Uses of Rackspace CDN

A content delivery network (CDN) refers to clustered servers distributed around the world to ease availability and high performance. The following are some uses of Rackspace CDN:

Website acceleration

Commonly built with a mix of static objects and text, formatting like CSS, and some media components like marketing videos, websites can be CDN enabled quickly and easily. With origin-pull technology, you simply
identify a hostname and an origin and your entire site is cached and accelerated.

Application acceleration

Applications often have cacheable components, like pictures, static text, and style formatting, that can be cached on the edge node. For dynamic, non-cacheable content, Rackspace CDN finds the best route back to the origin and prefetches upcoming material to improve delivery speeds.

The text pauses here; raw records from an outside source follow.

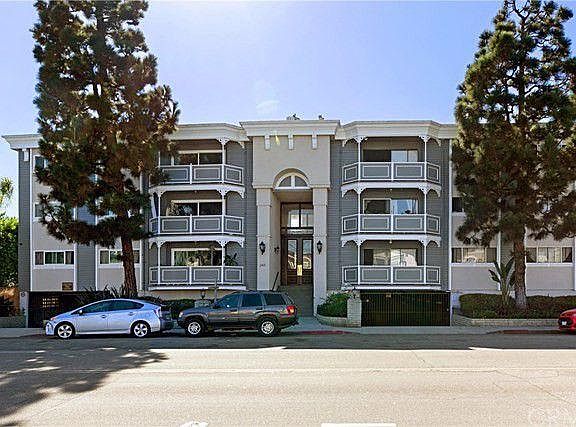 Front of Condo Building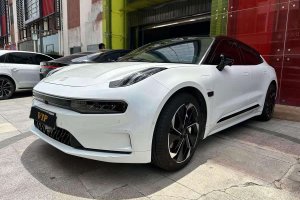 極氪001 極氪 WE版 100kWh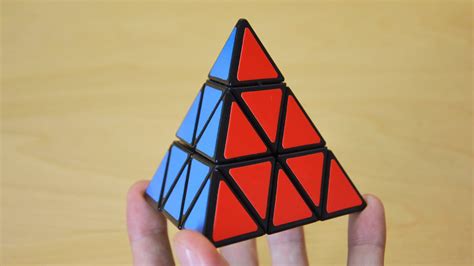 Como Armar El Cubo Magico Triangular Como
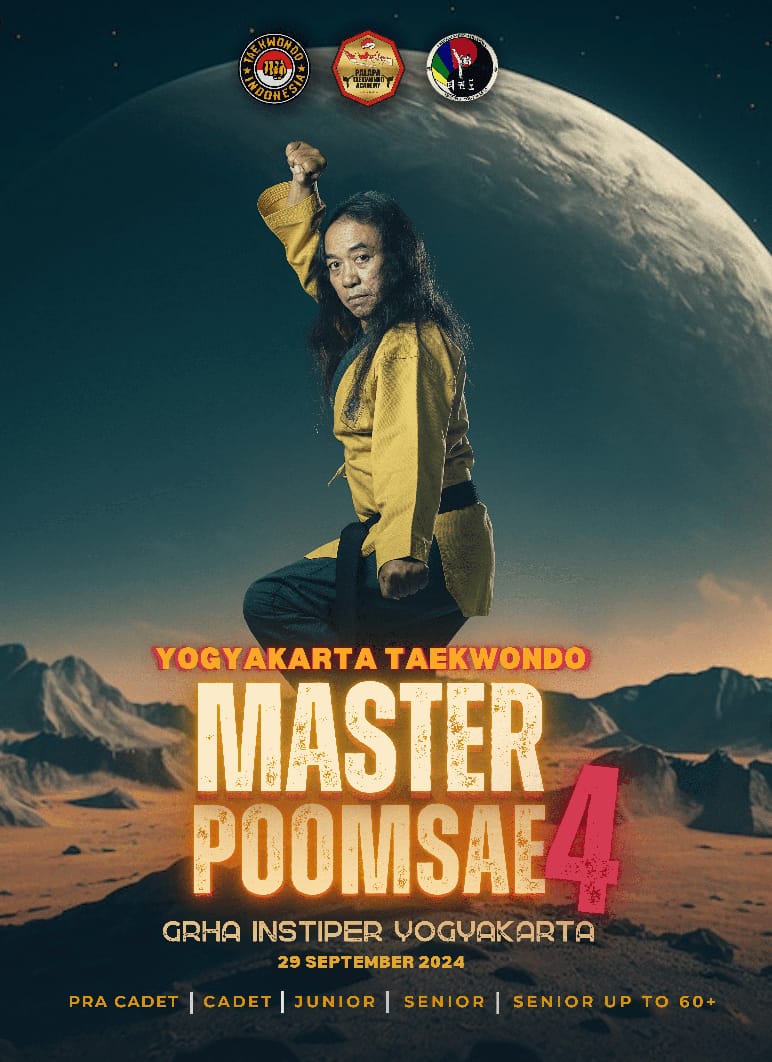 Kejuaraan YOGYAKARTA TAEKWONDO MASTER POOMSAE IV PALAPA. GRIND (System) ti-alcantara.com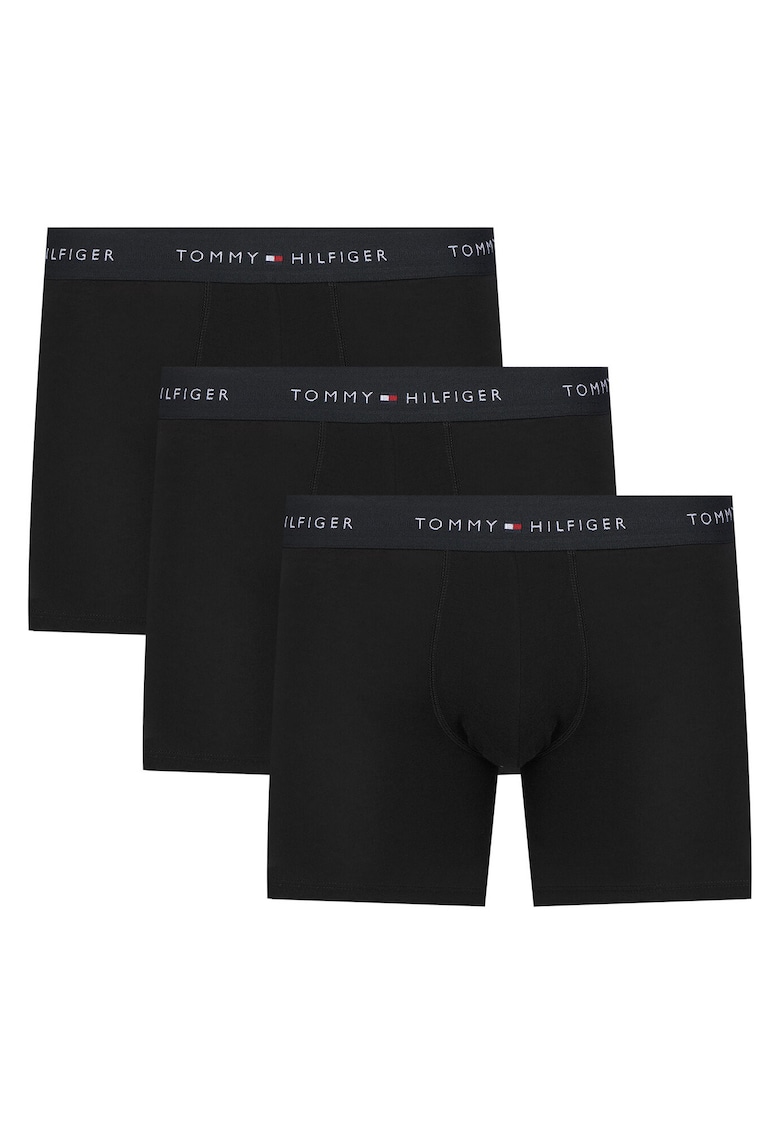 Set 3 perechi boxeri de barbati negru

Blogs and database-powered content

Instead of having your web servers render content for every unique visit, you can use a CDN to deliver cached content to website visitors instead. This reduces the load on your local web server and database because HTML is served near the user's location. Apart from this CPU efficiency, users also get content faster because the latency has improved.

eCommerce stores

For eCommerce stores with a variety of photos and static assets, rendering product pages can involve paying for a large amount of outgoing bandwidth. If your eCommerce platform displays images dynamically (for custom dimensions, for example), this gets even more expensive. Rackspace CDN enables you to selectively cache certain subdomains or URL patterns to edge nodes. Users get content from the edge node rather than your web servers.